Note
This is a short excerpt taken from Martin Luther King’s book, Stride Toward Freedom (1958).
For further information about Rosa Parks see:
Wikipedia:
Rosa Parks
Rosa
Parks Bus
On December 1, 1955, an attractive Negro seamstress, Mrs. Rosa Parks, boarded the Cleveland Avenue Bus in downtown Montgomery. She was returning home after her regular day's work in the Montgomery Fair - a leading department store. Tired from long hours on her feet, Mrs. Parks sat down in the first seat behind the section reserved for whites. Not long after she took her seat, the bus operator ordered her, along with three other Negro passengers, to move back in order to accommodate boarding white passengers. By this time every seat in the bus was taken. This meant that if Mrs. Parks followed the driver's command she would have to stand while a white male passenger, who had just boarded the bus, would sit. The other three Negro passengers immediately complied with the driver's request. But Mrs. Parks quietly refused. The result was her arrest.

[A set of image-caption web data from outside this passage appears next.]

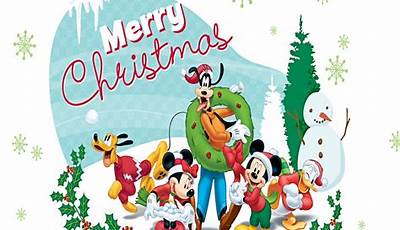 Disney Christmas Wallpaper Backgrounds Ipad
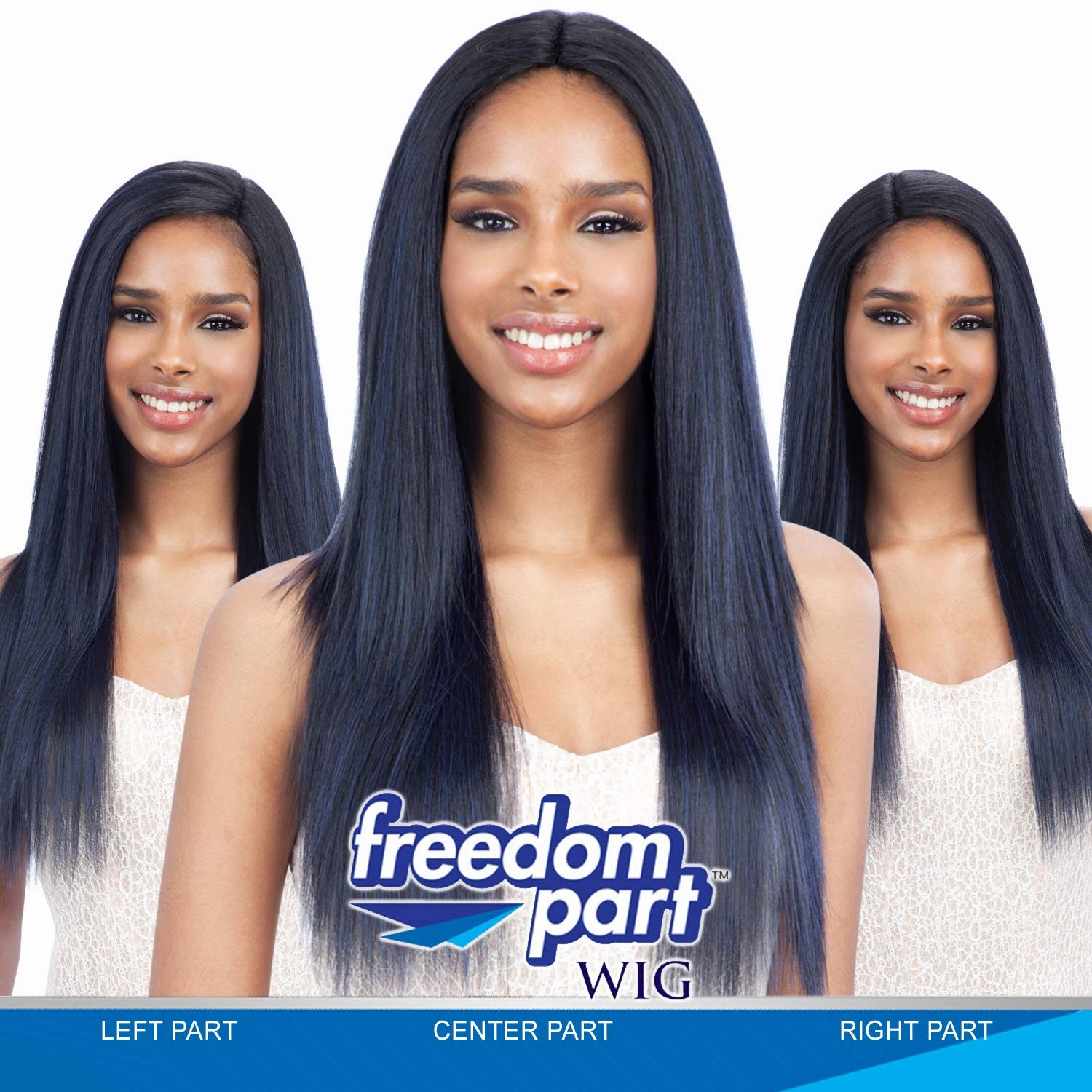 FreeTress Equal Synthetic Hair Wig Freedom Part 101 (FF1BCOPPER)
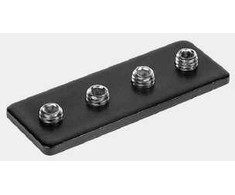 Magnetinės sistemos IN_LINE bėgelio mechaninis sujungimas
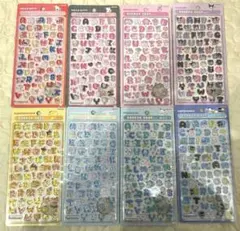 正規品 サンリオ 文字 新作 コンプリート アルファベット コンプ 8種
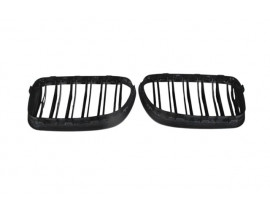 BMW 5 SERI- F10- 10/16; ÖN PANJUR SAĞ/SOL SET (2 PARÇA) (ÇİFT ÇITALI) (PİANO SİYAH)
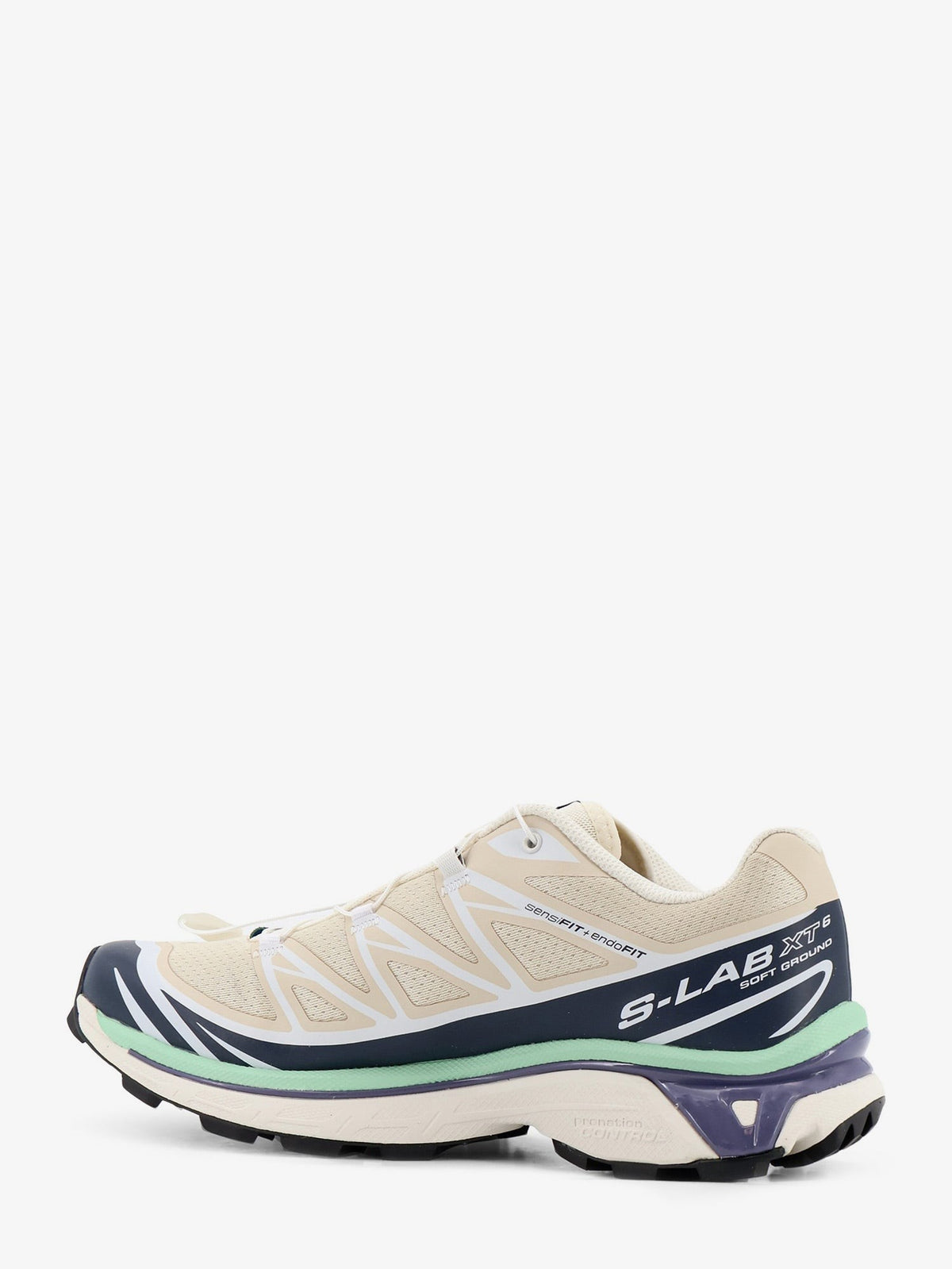 XT-6 nylon sneakers with side logo print 3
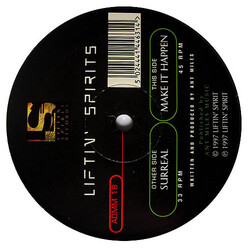 Liftin' Spirits Surreal / Make It Happen Vinyl 12" USED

There was to be much speculation about why Mrs. Parks did not obey the driver. Many people in the white community argued that she had been “planted” by the NAACP (the National Association for the Advancement of Colored People) in order to lay the groundwork for a test case, and at first glance that explanation seemed plausible, since she was a former secretary of the local branch of the NAACP. So persistent and persuasive was this argument that it convinced many reporters from all over the country. Later on, when I was having press conferences three times a week - in order to accommodate the reporters and journalists who came to Montgomery from all over the world - the invariable first question was: “Did the NAACP start the bus boycott?”
But the accusation was totally unwarranted, as the testimony of both Mrs. Parks and the officials of the NAACP revealed. Actually, no one can understand the action of Mrs. Parks unless he realizes that eventually the cup of endurance runs over, and the human personality cries out, “I can take it no longer.” Mrs. Parks's refusal to move back was her intrepid affirmation that she had had enough. It was an individual expression of a timeless longing for human dignity and freedom. She was not “planted” there by the NAACP, or any other organization; she was planted there by her personal sense of dignity and self-respect. She was anchored to that seat by the accumulated indignities of days gone by and the boundless aspirations of generations yet unborn. She was a victim of both the forces of history and the forces of destiny. She had been tracked down by the Zeitgeist - the spirit of the time.